Before judging why working capital is important to a corporation
such as a medium sized energy firm (oil and gas) we need to
understand an importance of working capital i.e described
below;
The working capital is one of the portion of the total capital
employed by a company and is often defined as the difference
between current liabilities and current assets. In general terms
working capital is the cash required to run the daily, weekly and
monthly activities of a business. Therefore, it is utmost important
that a firm has to have sufficient liquidity to run its operations
smoothly.
So, the corporations such as a medium sized energy firm like Oil
and Gas Manufacturing should focus on effective management for
working capital as they involved various activities such as regular
drilling, refining, marketing and meeting short term and regular
versatile demand that requires a liquidity to run its operations
smoothly. So, the following reasons made it clear why working
capital is important for medium sized energy firms.
- If a company tied up a significant large amount of cash in
working capital and managing it efficiently could benefit from
additional liquidity and be less dependent on external financing.

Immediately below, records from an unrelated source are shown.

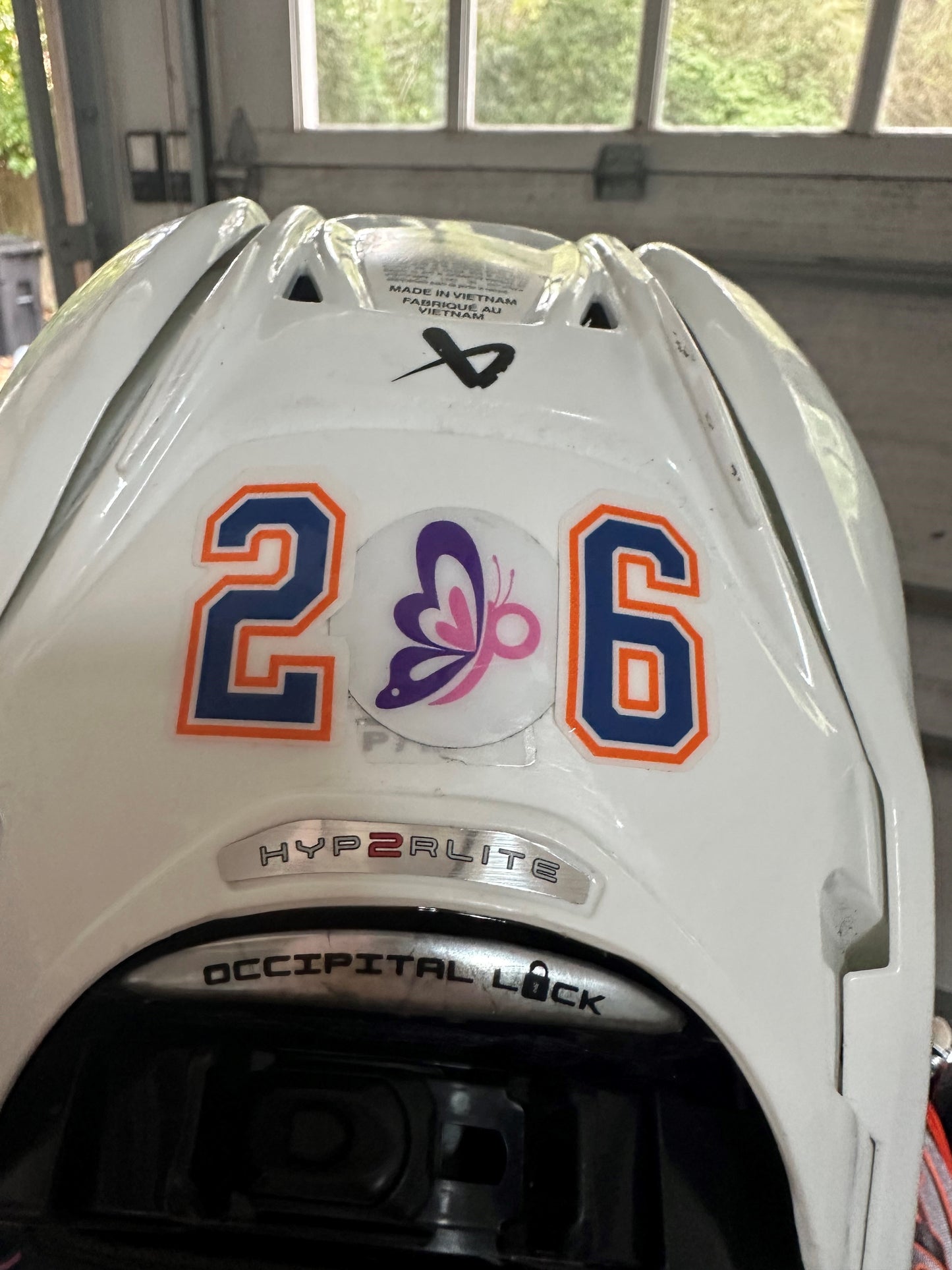 PFF Helmet Stickers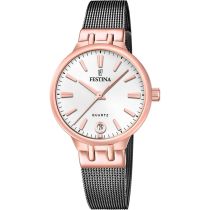 Festina F20717/1 Montre Femme Quartz Mademoiselle Saphire 33mm 5ATM 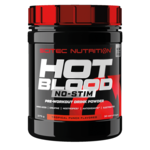 Scitec Nutrition Hot Blood NO STIM Pre-Workout (Tropical Punch - 375 gram)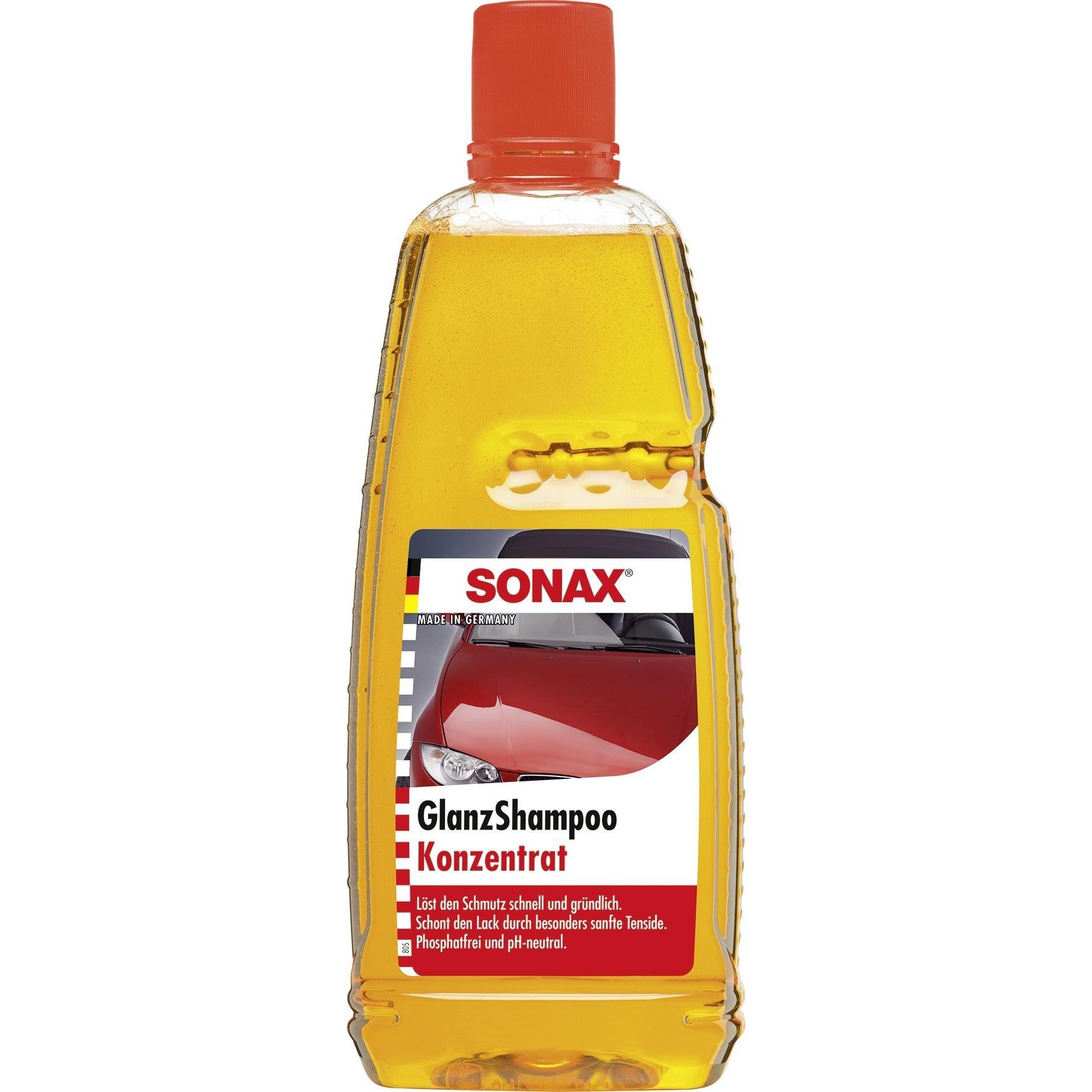 Se Sonax glans shampoo 1 liter hos XpertCleaning.dk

This is especially important for medium sized businesses as these
businesses typically have a limited access to external funding
sources. Also, it is equally considerable that medium sized
businesses often pay their bills in cash from regular earnings so
an efficient and effective working capital management will allow
business to better allocate its resources and improve its cash
management.
- The business managing their working capital more efficiently
will generate more free cash flows which will result in a higher
business valuation and enterprise value. The organisation such as
oil and gas manufacturer need higher valuation because they
involved various activities which require a large amount to conduct
it day-to-day and regular activities such as drilling, refining and
marketing of their products.
- The business, which paying its suppliers regularly on time will
able to make good relationship with its trade partners and this
will benefit in favourable financing terms such as discount
payments from its suppliers and banking partners which could lead
to increased profitability. As the medium sized corporation are
growing in nature, so they will be definitely looking towards every
opportunity to increase their profitability.

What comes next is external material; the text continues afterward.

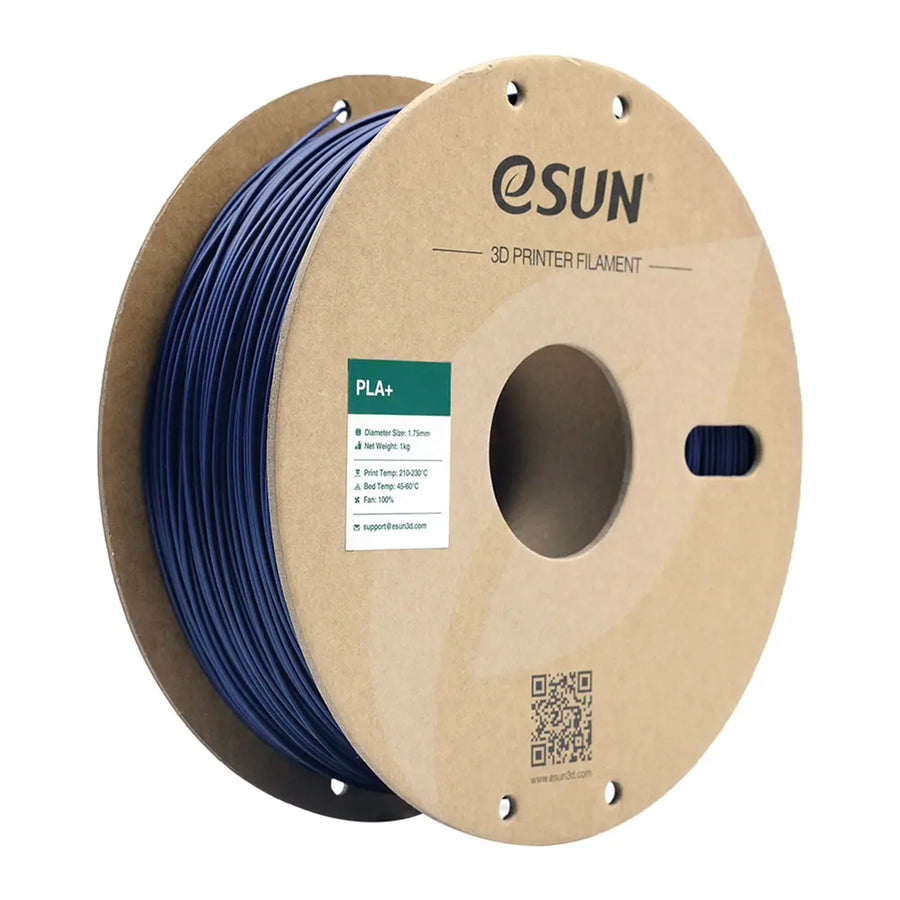 eSun  PLA+  Filament - Dark Blue
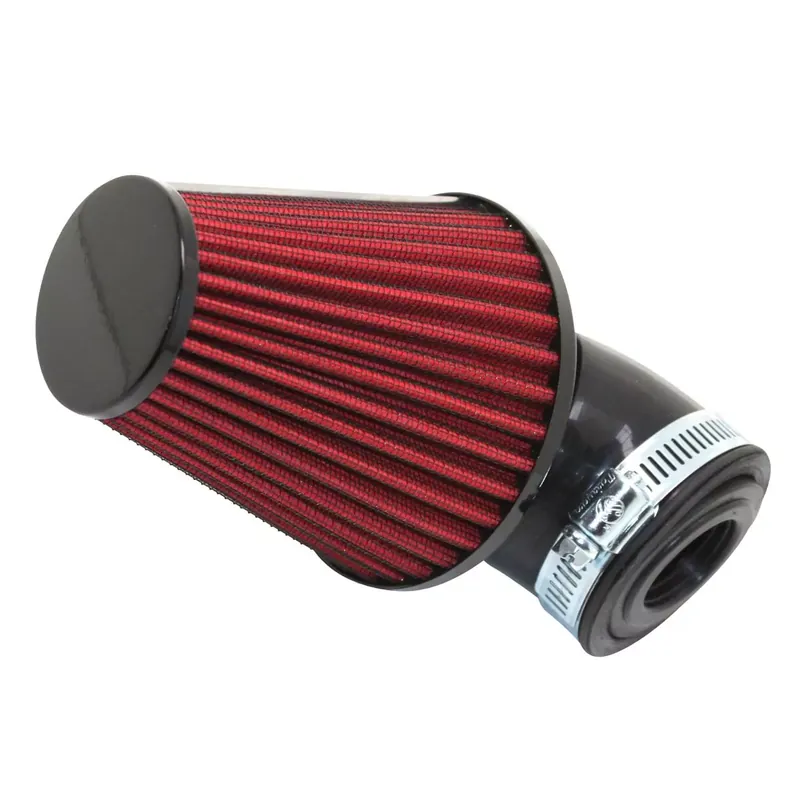 Commande En Gros Filtre à air PHVA / PHBN / PWK – Replay KN XL 28 / 35 / 50mm coudé 30 degrés Noir / Rouge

- As discussed above that the medium sized corporation such as
oil and gas manufacturer are involved in the various activities
which are important on day to day basis such as drilling, refining
for production and improved distribution. Therefore, these
businesses require uninterrupted production and continuation of all
activities on regular basis. So, the corporation paying its trading
partners on time will also benefit from a regular inflow of raw
materials to ensure that the production remains uninterrupted and
they deliver their product and service on time.